Puyallup Elks Lodge B.P.O.E. No. 1450 (Lodge) appeals an award of delinquent employee benefit contributions to Pierce County Hotel Employees and Restaurant Employees Health Trust and Hotel Employees and Restaurant Employees Pension Trust (Trusts). The Lodge claims that the district court should have considered extrinsic evidence to interpret the meaning of an ambiguous contract term, and that the action is barred by modification, the statute of limitations, estoppel, and laches. We affirm.
BACKGROUND
The Lodge entered into consecutive collective bargaining agreements in 1974, 1977, 1980, and 1983 with the Hotel Employees & Restaurant Employees Union Local No. 8 (Union) and its predecessor union locals. Each contract obliged the Lodge to pay pension and health contributions to the Trusts for “any person performing work covered by this agreement, whether such employees are members of the union in good standing or not.”
The Trusts are third party beneficiaries of the collective bargaining agreements and are multiemployer employee benefits plans governed by section 302 of the Labor-Management Relations Act (LMRA), 29 U.S.C. § 186, and section 401 of the Employee Retirement Income Security Act (ERISA), 29 U.S.C. § 1101.
From 1974 through 1985, the Lodge failed to contribute to the Trusts for nonunion temporary employees.
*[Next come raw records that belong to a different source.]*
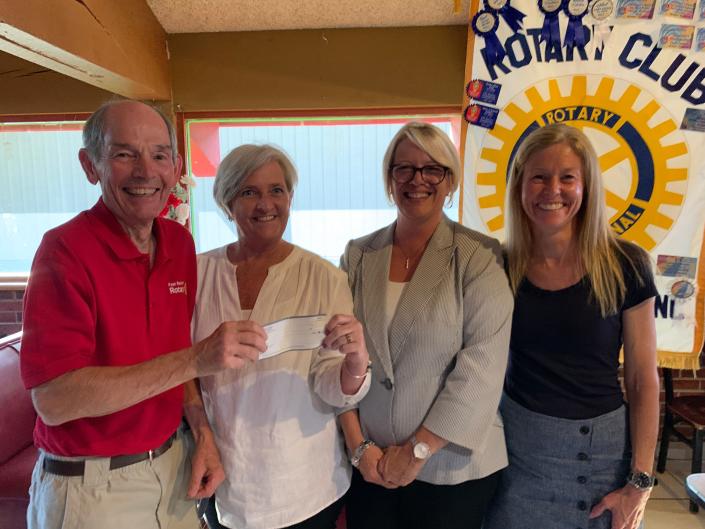 From left are Dick Miley (Four Seasons Rotary/Tour Co-Director), Debi Smith (TDA Board Chair 2021), Michelle Owens (TDA Executive Director) and Danielle McCall (TDA Grants Committee Chair).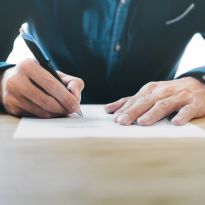 Photo of person completing paperwork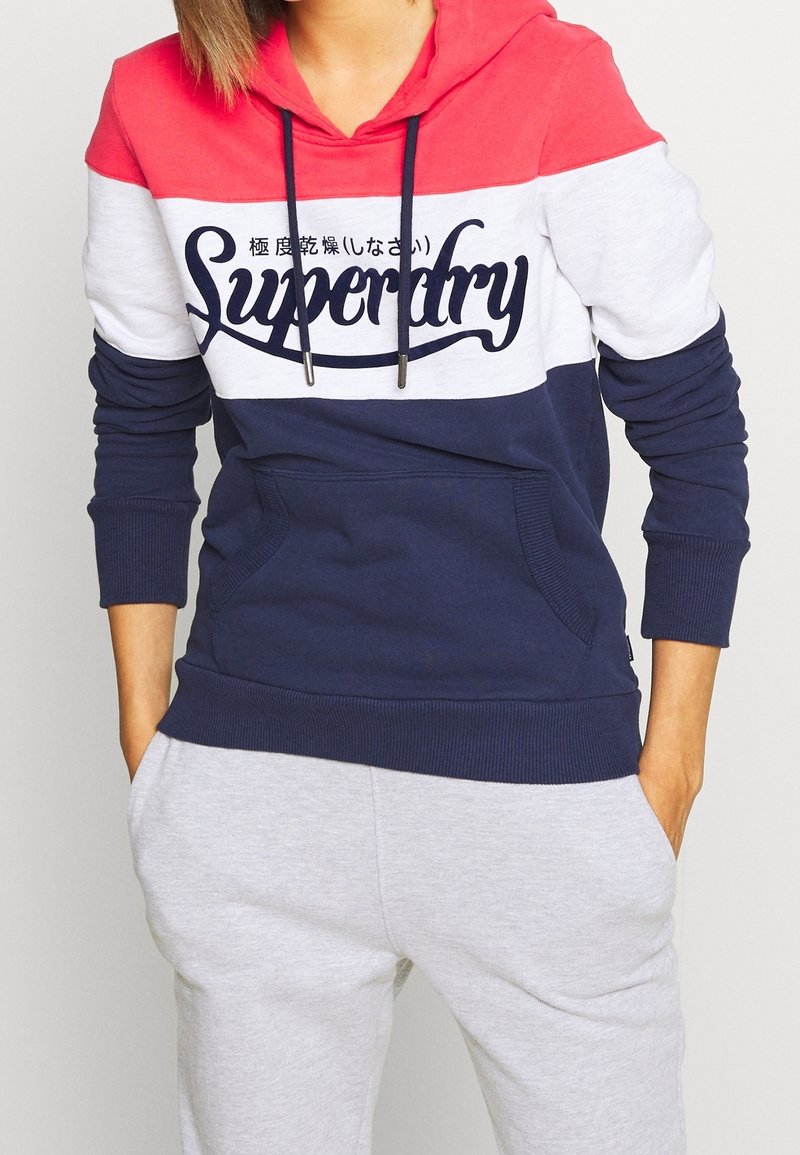 Personne portant un sweat à capuche color block avec des sections rouges, blanches et bleu marine, avec le texte "Superdry", assorti à un pantalon de survêtement gris clair.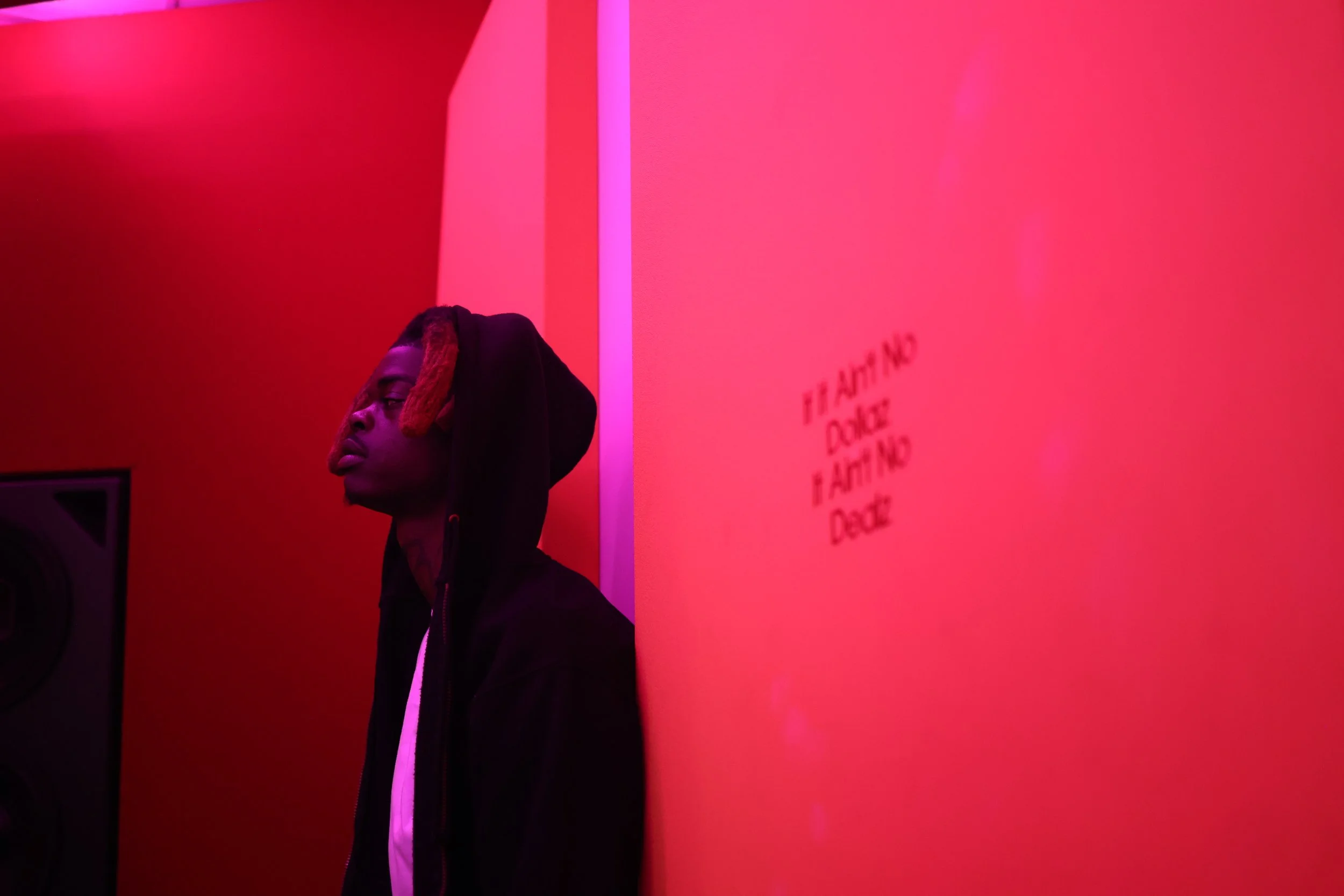Independent artist reflecting in a recording studio during an immersive creative camp, captured in a moody red-lit environment focused on growth and artistic clarity.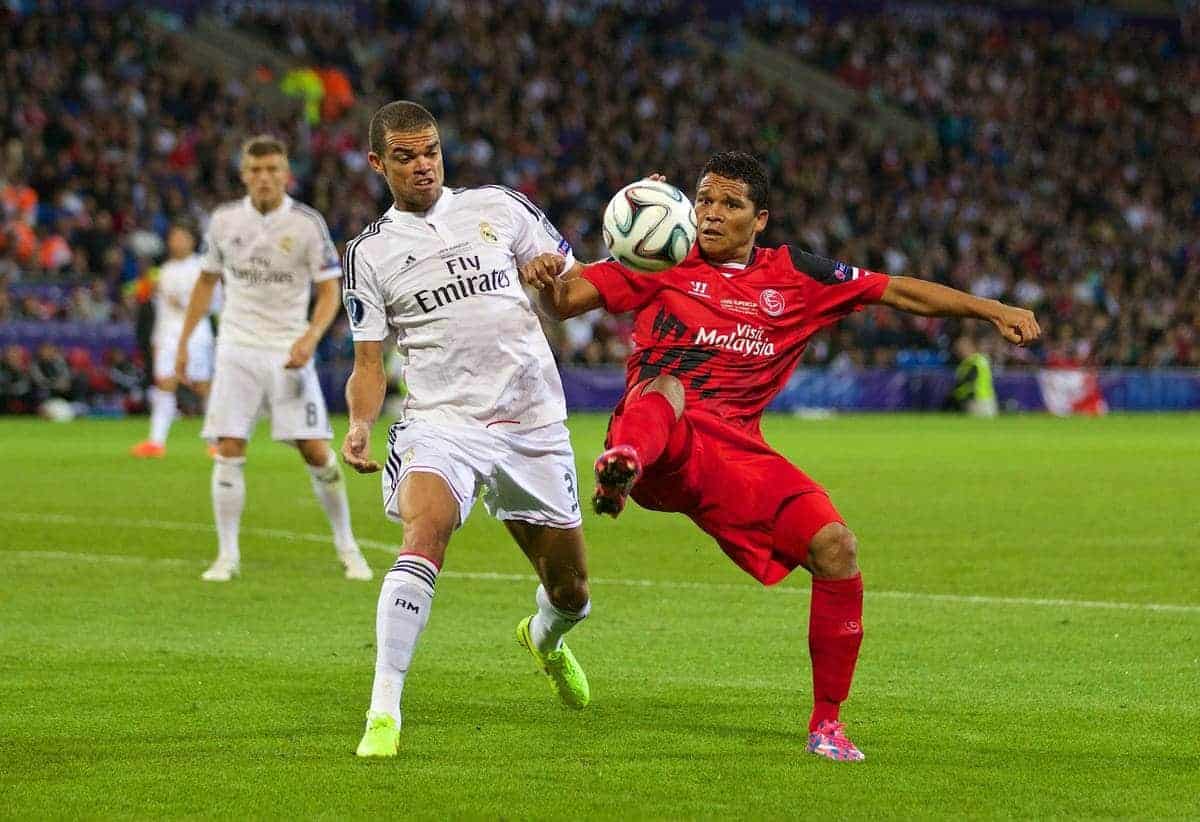 CARDIFF, WALES - Tuesday, August 12, 2014: Sevilla's Carlos Bacca in action against Real Madrid's Pepe during the UEFA Super Cup at the Cardiff City Stadium. (Pic by David Rawcliffe/Propaganda)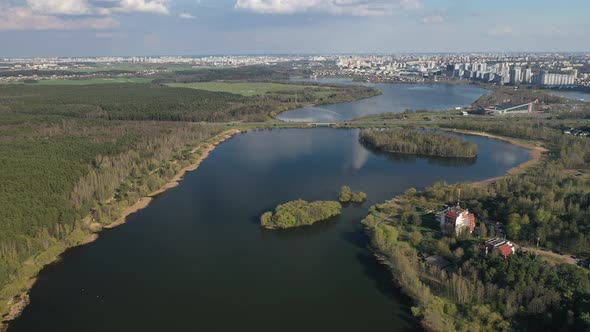 Flying Over a River and Forest Near the City of Minsk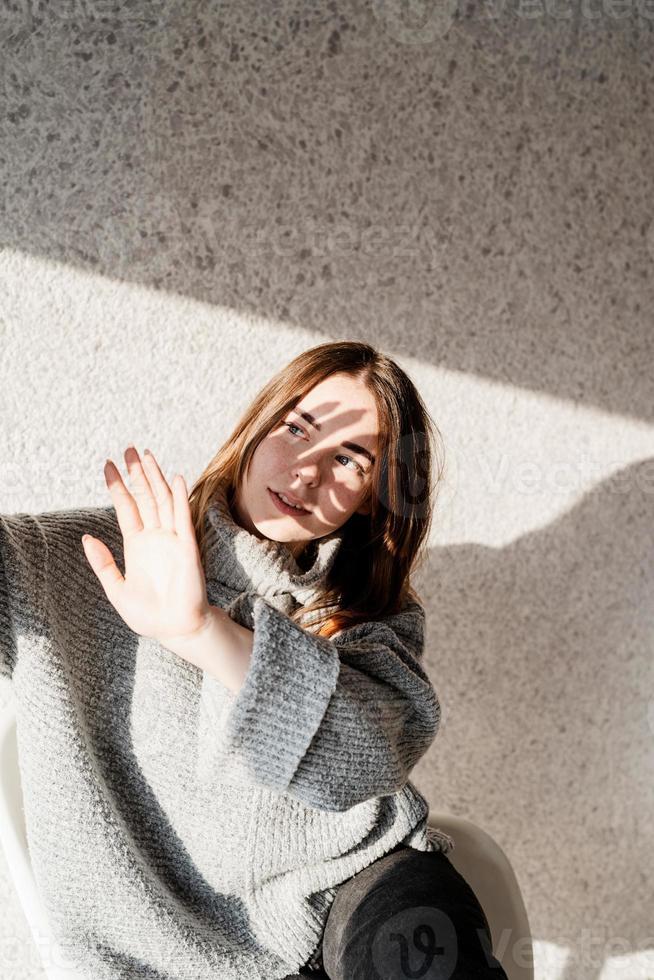Portrait of a beautiful young woman with a shadow pattern on the face and body in the form of flowers photo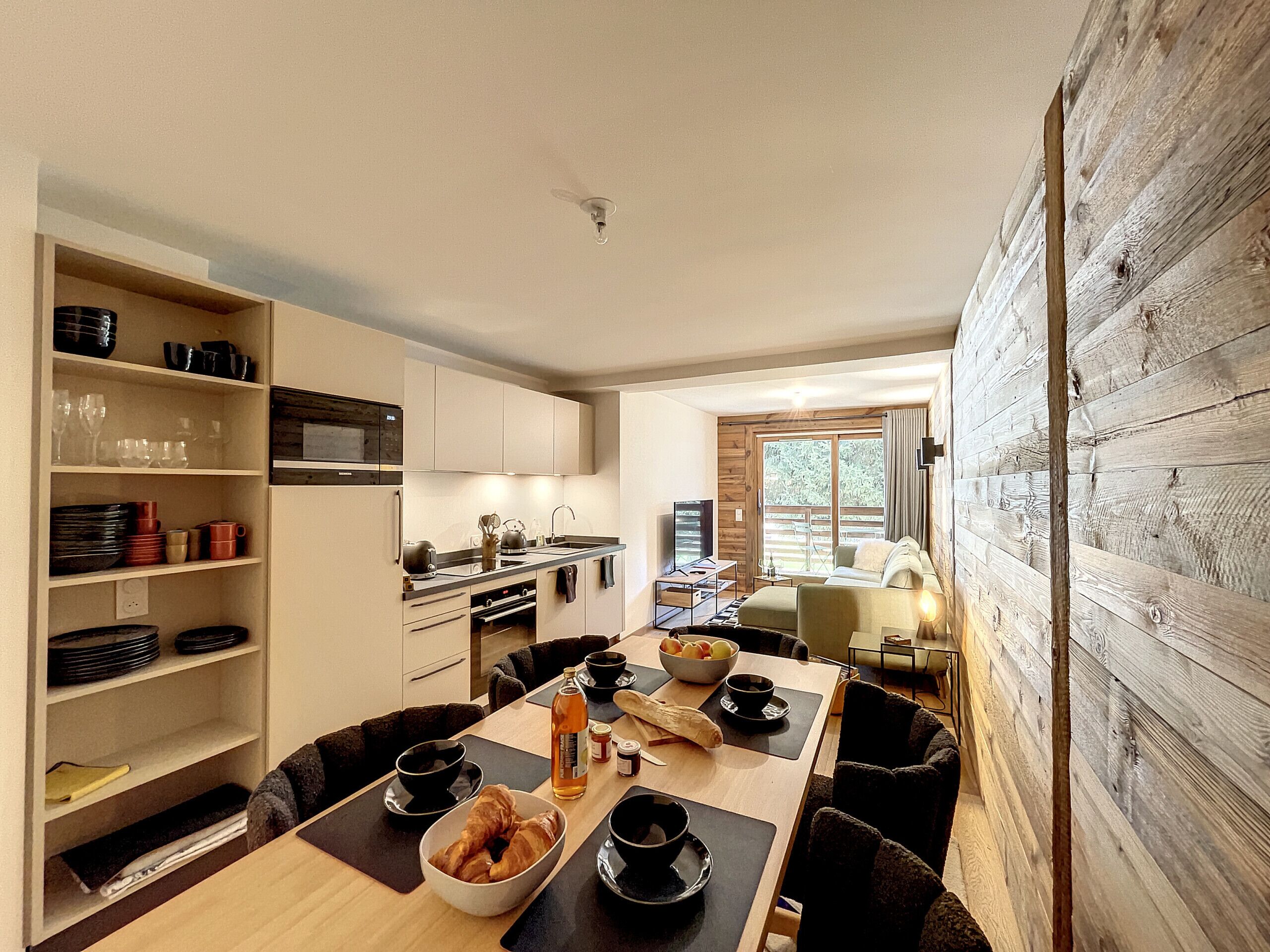 Een moderne keuken met een eethoek, houten wanden en uitzicht op de omgeving.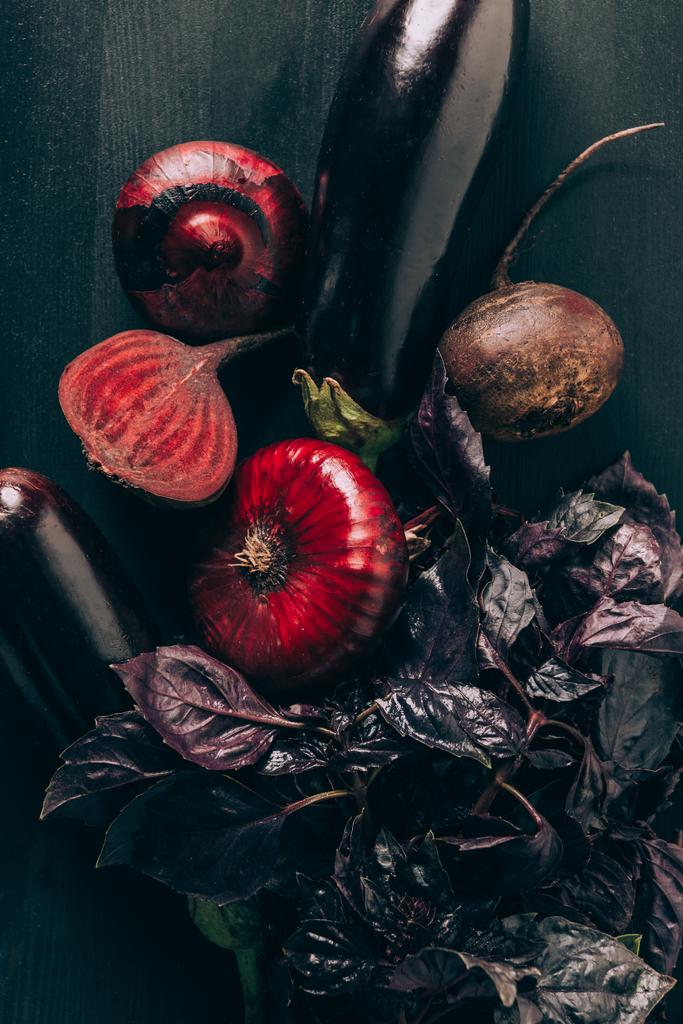 top view of basil, aubergines, onions and beetroots on grey dark table - Photo, Image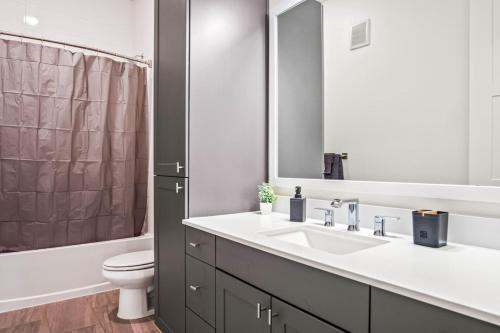 a bathroom with a sink and a toilet and a mirror at Luxurious New Unit 1Bd1Ba Pool, Golf Sim in Austin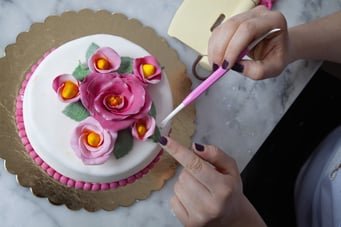 Pinterest-style cake decorating with flowers on a marble table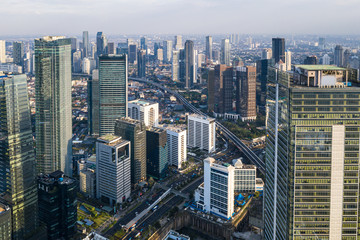 Fototapeta na wymiar Aerial view of the modern Jakarta central business district along the Sudirman avenue with many corporate offices towers in Indonesia capital city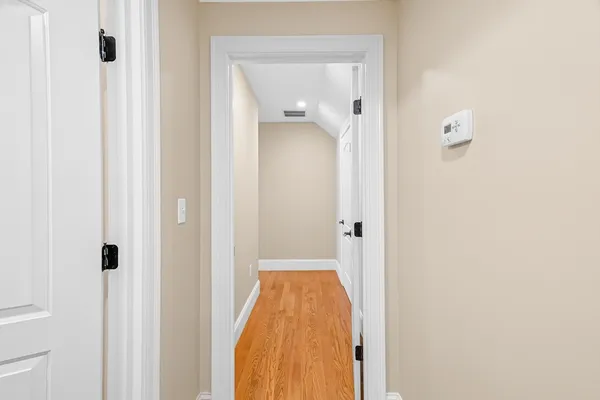 a view of a bathroom from a hallway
In 1979, Floyd Dawson, the Lodge general manager, sent a letter to William Pollack, a secretary of the Union and chairman of the Trusts. The letter confirmed an oral agreement between Dawson and another Union official exempting temporary workers from contributions. During contract negotiations in 1983, the Union and the Lodge again orally agreed to exempt temporary workers. An independent auditor examined the Lodge’s payroll records in August 1984 and discovered the Lodge’s failure to contribute for those workers.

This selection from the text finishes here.